Etre de vrais vivants en luttant contre
ces forces de mort que sont la misère, la violence, l'indifférence.
Etre de vrais vivants, c’est être
sensibles, de quelque manière que ce soit, à la vie de nos frères…, être de
ceux qui ont mal aux autres !
Etre de vrais vivants, c’est garder
espérance en la Vie, la Vie de Dieu, proclamer sans cesse, malgré les
apparences contradictoires, que "Dieu
seul a les issues de la mort", de toute mort puisqu’il l'a prouvé
en son Fils mort sur la croix, mais toujours vivant.

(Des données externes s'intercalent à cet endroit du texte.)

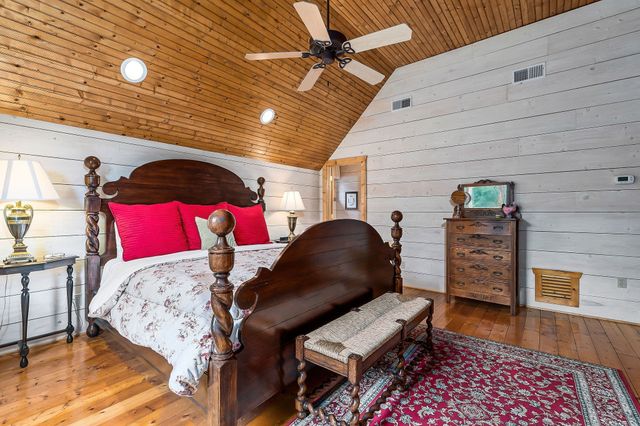 4042 Rocky Ridge Rd, Rock Island, TN 38581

Et remarquons encore : après avoir mis
la fillette debout, Jésus recommande de lui donner à manger. Beaucoup plus
qu'un signe de délicatesse, l'évangéliste suggère ici que Jésus nous invite, au
cours de chaque repas eucharistique, à recevoir ce qu'aucune loi sociale, aucun
organisme humanitaire ne pourra jamais nous donner : ce Pain de Vie, ce Pain de
Dieu, le Pain de Vie éternelle, puisque, déjà, il donne Vie par-delà la mort
elle-même.
Prenons la main que Jésus nous tend pour
nous mettre debout et vivre, déjà, éternellement.